Après les annonces de la semaine dernière, les hyperscalers américains sont mis sur la touche quand il s’agit d’héberger des workloads d’administrations et d’OIV. Microsoft, en s’associant à Orange et Capgemini, est le premier à trouver une parade pour continuer à proposer ses technologies. Mais en réalité les clouds américains ont plus d’un atout dans leur manche…

Capgemini et Orange ont fait sensation hier en annonçant un partenariat visant à créer un nouvel opérateur cloud à même d’être certifié « Cloud de Confiance » et donc de pouvoir accueillir les workloads des administrations françaises, hôpitaux, collectivités locales et ceux des OIV (opérateurs d’importance vitale) et des OSE (opérateurs de services essentiels) tout en offrant les garanties techniques et juridiques imposées par l’État français.

Dénommé « Bleu », ce nouvel opérateur va entrer directement en concurrence avec les deux prétendants actuels à la certification cloud de confiance : OVHcloud et 3DS Outscale. Mais il a un atout de taille en main… Un partenariat avec Microsoft qui lui permettra de proposer Microsoft 365 et l’ensemble des services Azure ! Ces technologies seront ainsi hébergées et opérées en France par une entreprise de droit européen et donc non soumise au Cloud Act.

Bleu est donc indirectement une réponse d’un des grands clouds américains aux velléités souveraines de la France et de l’Europe. Toutes les entreprises et tous les organismes publics vont pouvoir profiter des technologies Microsoft (que beaucoup utilisent quotidiennement depuis longtemps) tout en restant dans les contraintes imposées par l’État français. Bleu garantit une immunité à l’égard de législations extraterritoriales (à commencer par le Cloud Act américain), une indépendance économique et un contrôle exclusif des applications cloud à partir d’une infrastructure isolée, basée sur des centres de données situés en France et totalement indépendants de ceux de Microsoft.

Notez que ce n’est pas la seule carte à disposition de Microsoft. L’éditeur vient également d’annoncer lors de la Build la disponibilité de toute sa plateforme PaaS sous forme de containers déployables sur n’importe quel cluster Kubernetes. Aussi bien sur des infrastructures sur site que sur n’importe quel cloud français ou européen mettant à disposition des clusters Kubernetes as a Service. De quoi faire jouer la concurrence puisque cette solution permettra par exemple à des entreprises d’héberger leurs applications en technologie Azure sur des clusters Kubernetes hébergés sur les infrastructures de 3DS Outscale ou OVHcloud. Voire même de jouer une carte très hybride, OVHcloud ayant des accords avec VMware et Nutanix dont les plateformes cloud hybrides embarquent désormais Kubernetes.

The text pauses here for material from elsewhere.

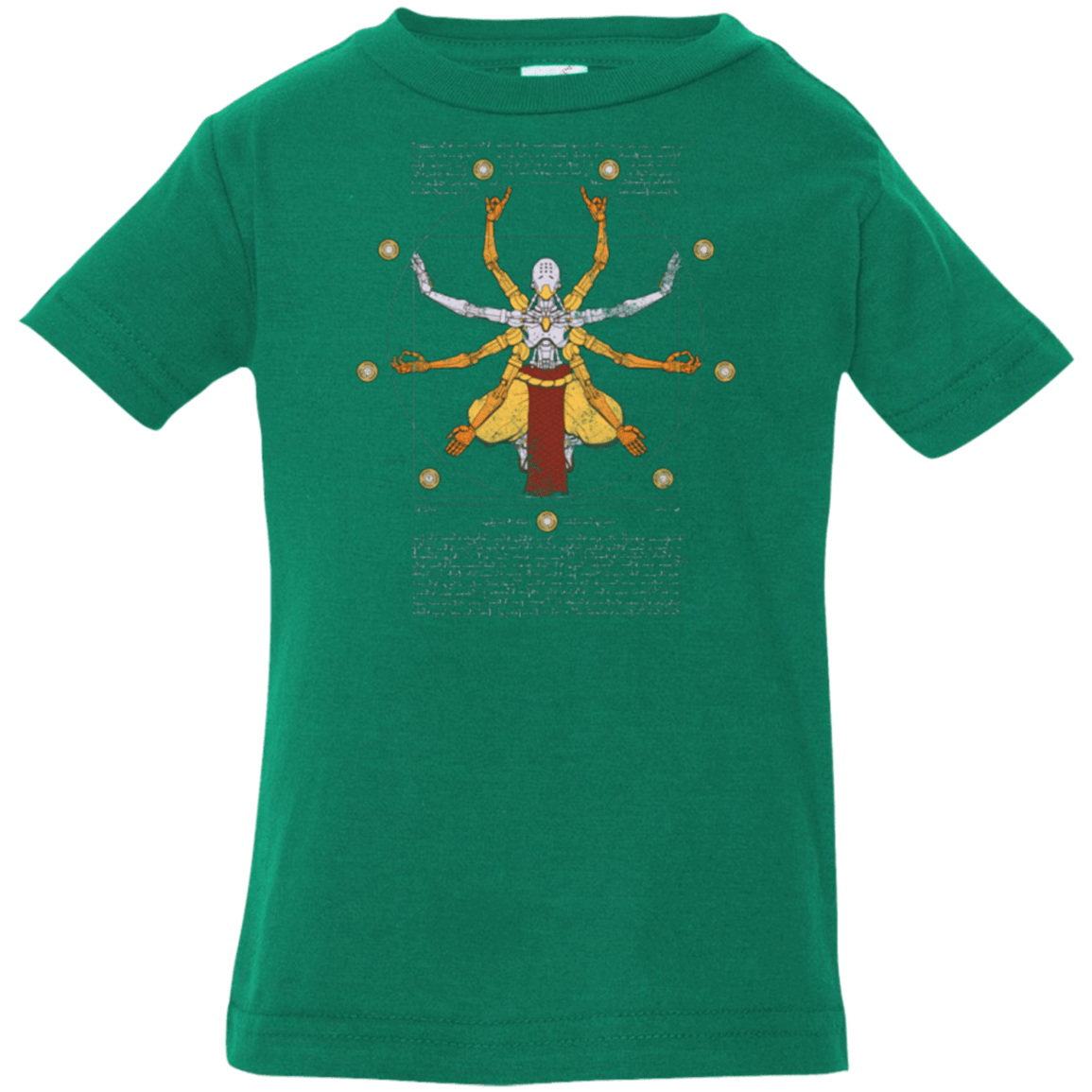 T-Shirts Kelly / 6 Months Vitruvian Omnic Infant Premium T-Shirt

Google Cloud joue également une carte similaire. Le cloud américain a signé un partenariat avec OVHcloud pour proposer sa plateforme hybride Anthos (avec ses services GKE, Knative, Cloud Run, etc.) sur le cloud français déjà certifié SecNumCloud. Au passage, il sera intéressant de voir ce que vont devenir les partenariats signés par Cagemini avec OVHcloud et ceux signés par OBS avec OVHcloud maintenant que ces deux acteurs ouvrent avec Bleu une concurrence directe.

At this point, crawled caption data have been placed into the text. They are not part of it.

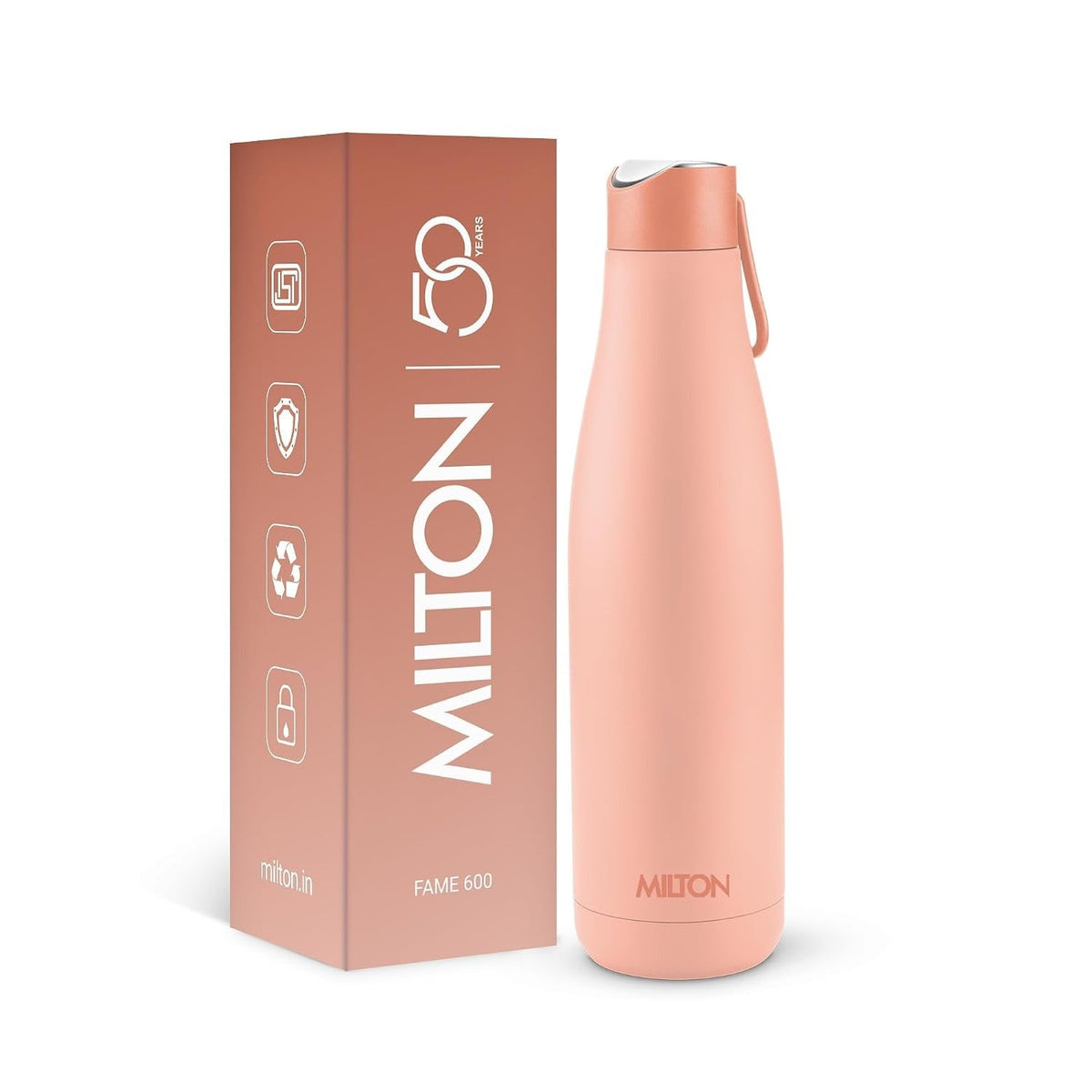 Milton Fame 1000 Thermosteel Water Bottle 880 ml, 24 Hr Hot and Cold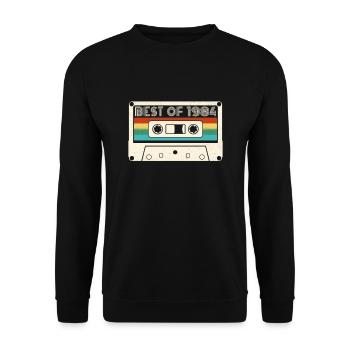 38 Geburtstag Best Of 1984 Kassette Retro Vintage - Unisex Pullover - Schwarz - Vorne - Alina (178cm) & Michal (187cm)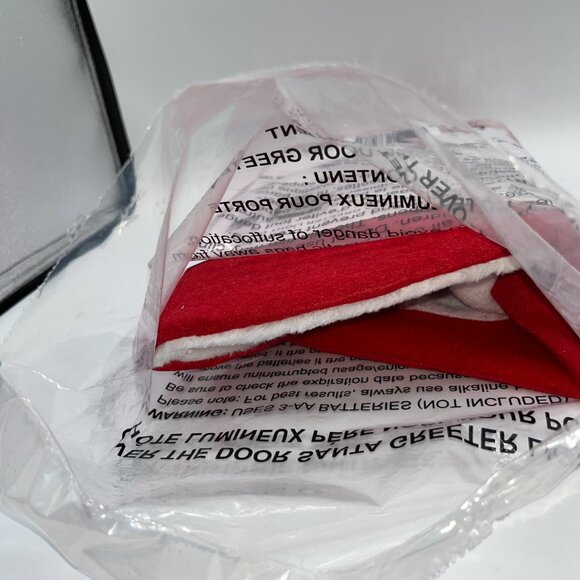 Plush Light Up Talking Santa, Over the Door Santa Greeter Motion Sensor New - Picture 8 of 9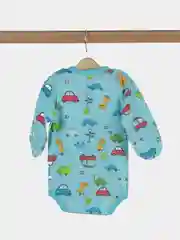Лазурный боди с длинным рукавом для новорожденного (кулирка)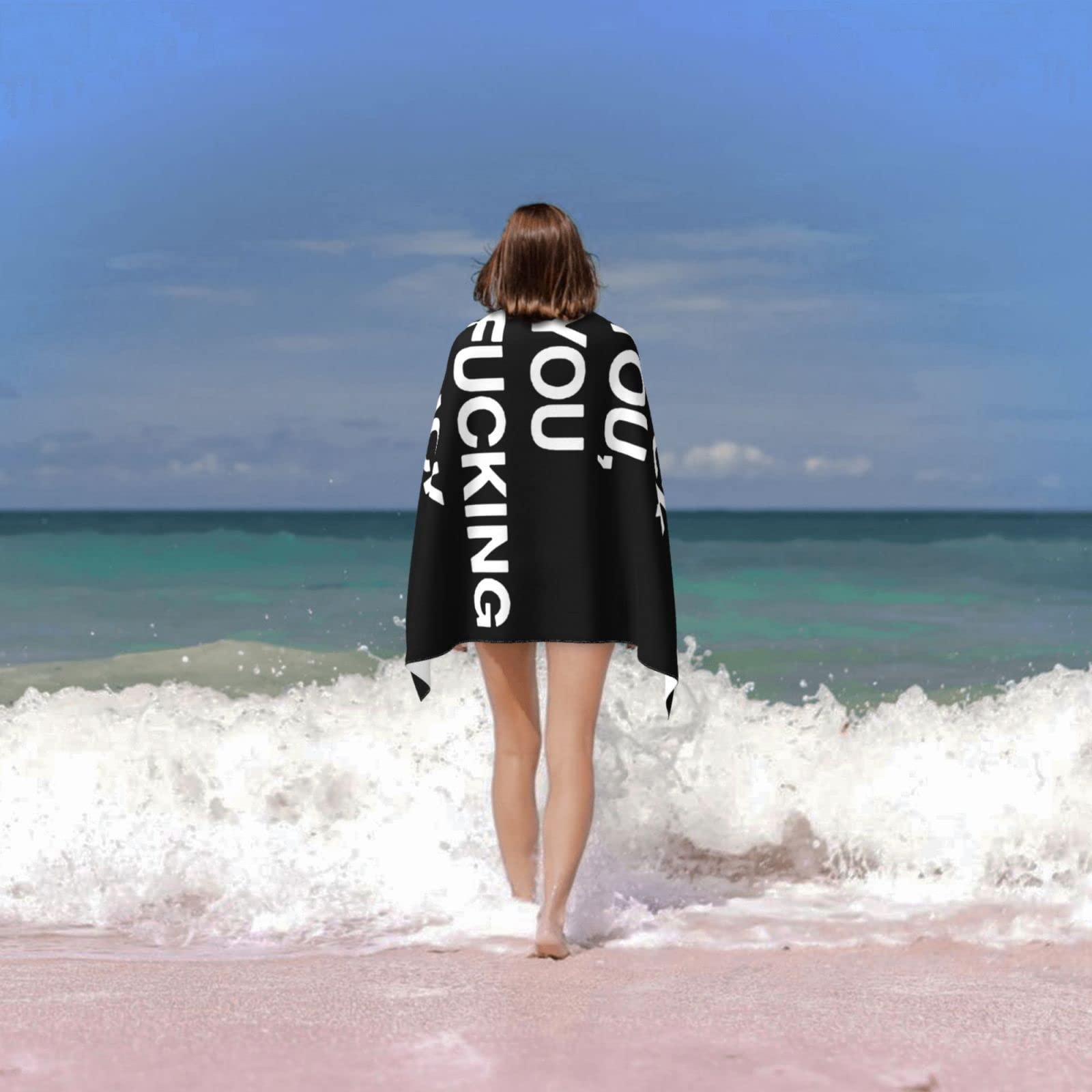 Amazon.com: BUECDHYEI Fuck You You Fucking Fuck Beach Towel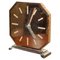 Horloge de Cheminée Art Déco en Verre Rose Saumon, Angleterre, 1920s 1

Par ailleurs, Bleu devra aussi se confronter à la concurrence européenne. Car il est fort probable que Microsoft, Google et AWS trouvent des partenariats similaires avec d’autres acteurs européens qui pourront, en théorie, eux aussi bénéficier de la certification « cloud de confiance » même si – pour l’instant – l’ANSSI n’a attribué son « SecNumCloud » qu’à trois acteurs… tous français.